Startup Check-In

FinTech Firms Combine KYB With KYC For Identity Verification

Global Data Consortium

With the fifth European Union (EU) Anti-Money Laundering Directive (AMLD 5) coming into force and raising a concern over the fourth AMLD, beneficial ownership is becoming front-and-center for financial firms. “This whole beneficial ownership aspect of a transaction is only becoming more and more important,” Global Data Consortium (GDC) Co-Founder Charles Gaddy told PYMNTS in an interview.

Forex companies, in particular, move money as they change it from different currency types. So the idea that the money laundering directive in Europe would mandate beneficial ownership as a part of enhanced customer due diligence “is, in some ways, the logical next step,” Gaddy said. GDC, for instance, started out with a solution set for know your customer (KYC) in an eCommerce use case where the company was conducting high-velocity ID verification.
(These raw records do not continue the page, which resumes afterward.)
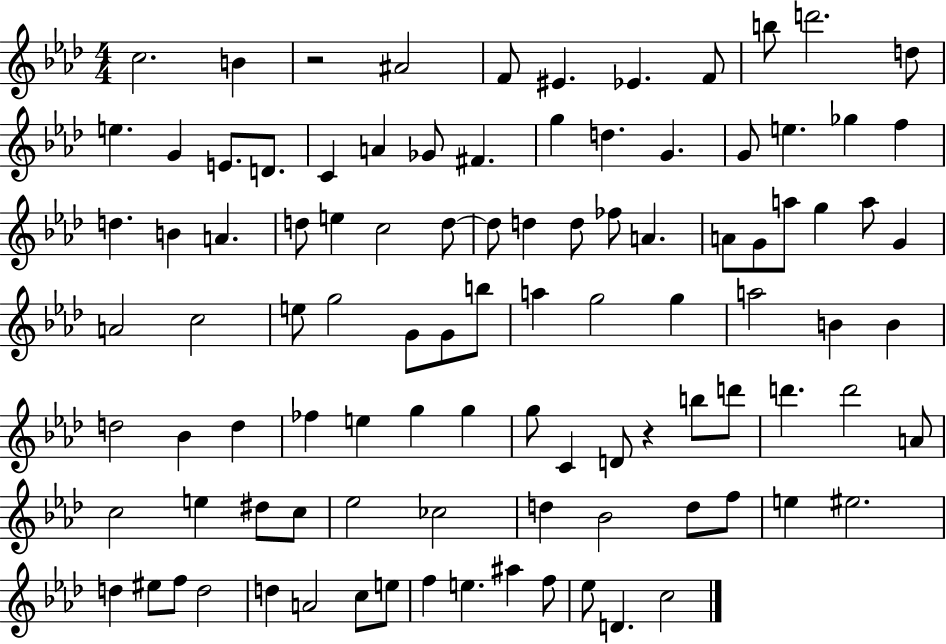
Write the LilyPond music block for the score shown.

{
  \clef treble
  \numericTimeSignature
  \time 4/4
  \key aes \major
  c''2. b'4 | r2 ais'2 | f'8 eis'4. ees'4. f'8 | b''8 d'''2. d''8 | \break e''4. g'4 e'8. d'8. | c'4 a'4 ges'8 fis'4. | g''4 d''4. g'4. | g'8 e''4. ges''4 f''4 | \break d''4. b'4 a'4. | d''8 e''4 c''2 d''8~~ | d''8 d''4 d''8 fes''8 a'4. | a'8 g'8 a''8 g''4 a''8 g'4 | \break a'2 c''2 | e''8 g''2 g'8 g'8 b''8 | a''4 g''2 g''4 | a''2 b'4 b'4 | \break d''2 bes'4 d''4 | fes''4 e''4 g''4 g''4 | g''8 c'4 d'8 r4 b''8 d'''8 | d'''4. d'''2 a'8 | \break c''2 e''4 dis''8 c''8 | ees''2 ces''2 | d''4 bes'2 d''8 f''8 | e''4 eis''2. | \break d''4 eis''8 f''8 d''2 | d''4 a'2 c''8 e''8 | f''4 e''4. ais''4 f''8 | ees''8 d'4. c''2 | \break \bar "|."
} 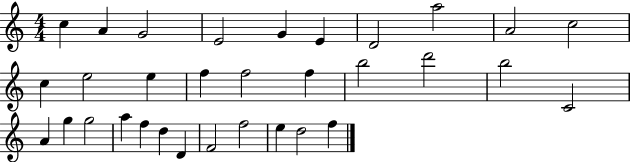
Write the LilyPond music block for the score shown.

{
  \clef treble
  \numericTimeSignature
  \time 4/4
  \key c \major
  c''4 a'4 g'2 | e'2 g'4 e'4 | d'2 a''2 | a'2 c''2 | \break c''4 e''2 e''4 | f''4 f''2 f''4 | b''2 d'''2 | b''2 c'2 | \break a'4 g''4 g''2 | a''4 f''4 d''4 d'4 | f'2 f''2 | e''4 d''2 f''4 | \break \bar "|."
} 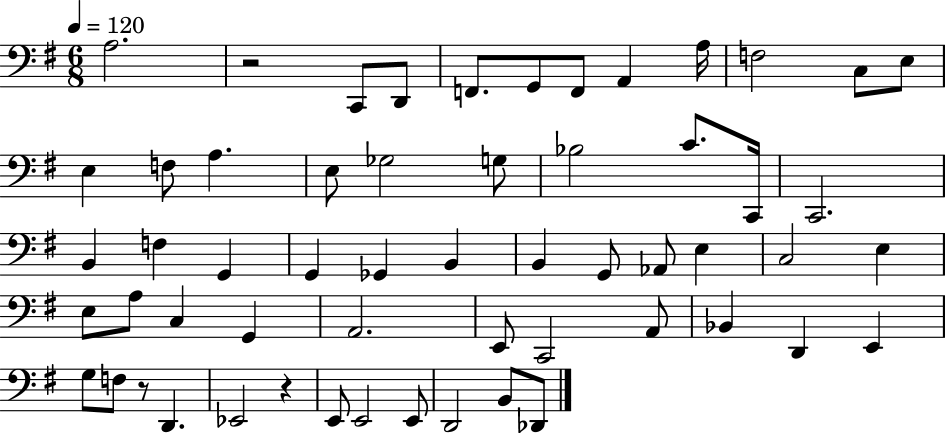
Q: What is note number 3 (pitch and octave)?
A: D2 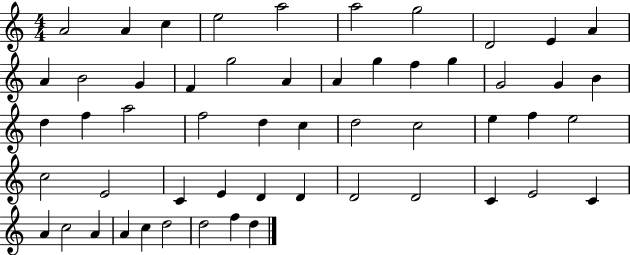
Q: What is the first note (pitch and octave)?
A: A4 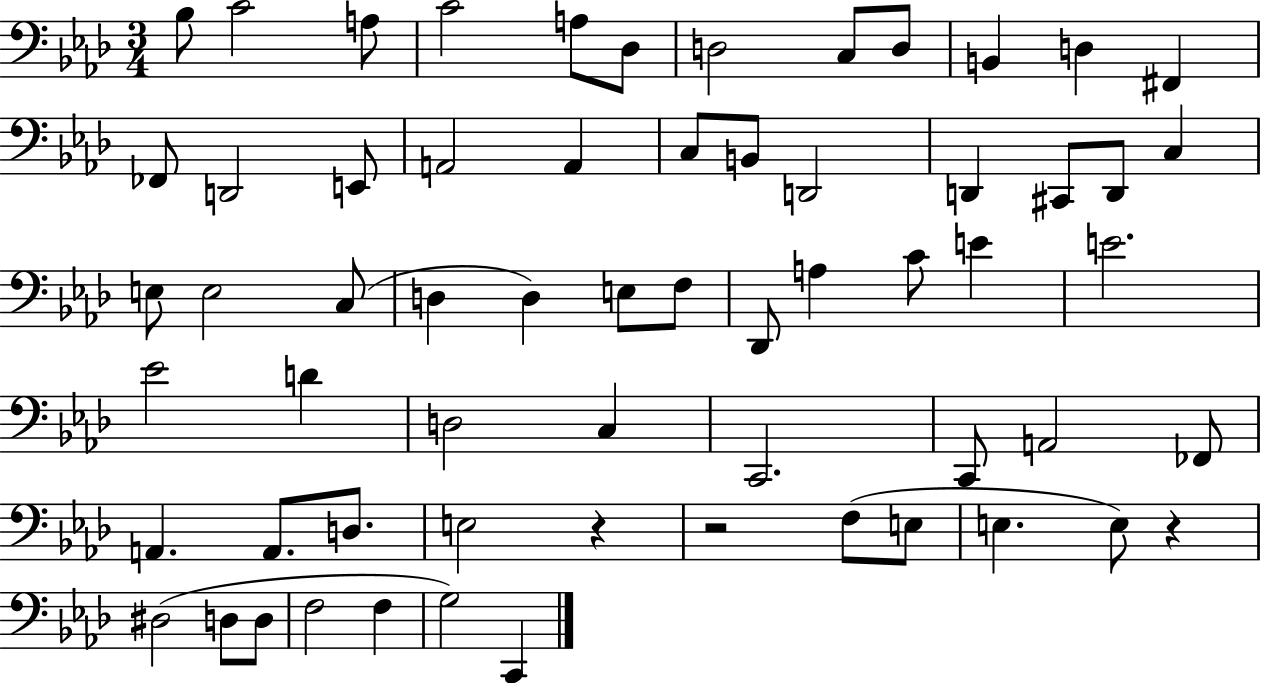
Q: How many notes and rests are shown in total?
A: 62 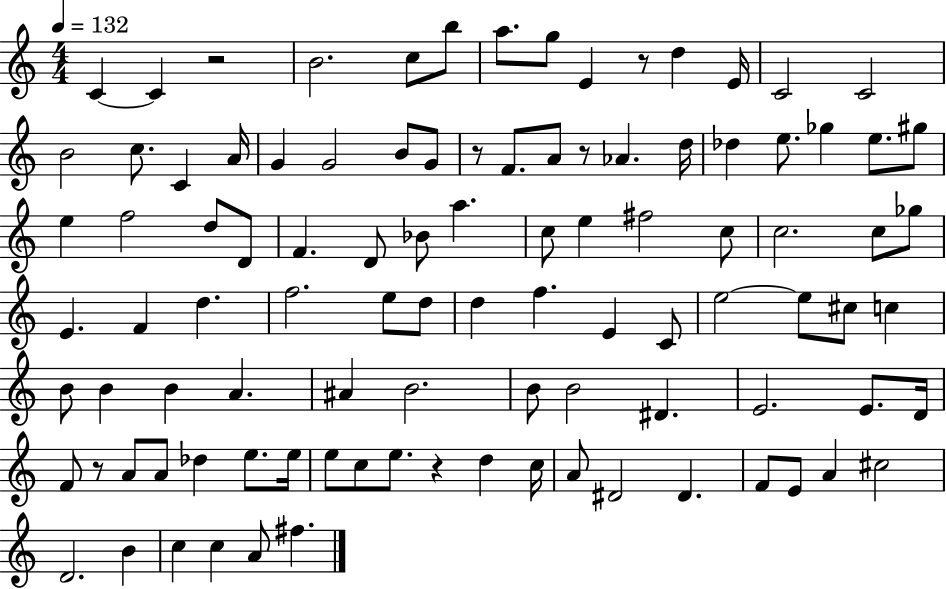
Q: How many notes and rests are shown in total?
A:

Then the fourth money laundering (4MLD) directive came out, which started to mandate more and more in the realm of customer due diligence, so the company added a compliance check.

In that case, the company checks two different sources in a given country with two different rule sets. That procedure can be described as a two-by-two check, and is geared toward verifying individuals on two sides of a transaction. Through the new standards, however, the idea is to also check for the beneficial owners of companies involved in a transaction. Those entities are part of a monetary transaction contingent on purpose, velocity and volume and own a portion — 25 percent, for example — of an organization. (The percentage may vary in different markets.)

When firms have no reason to question its validity, they can rely on the information provided by the customer or corporate officers. But regulators are now requiring firms to use risk-based policies and procedures to determine a customer’s risk scores and to use risk scores to establish a baseline for transaction and relationship monitoring. At the same time, the fourth anti-money laundering directive expands the idea of customer due diligence to enhanced customer due diligence (eCDD) — a set of compliance regulations to which financial firms must adhere when doing business with consumers and corporate banking clients.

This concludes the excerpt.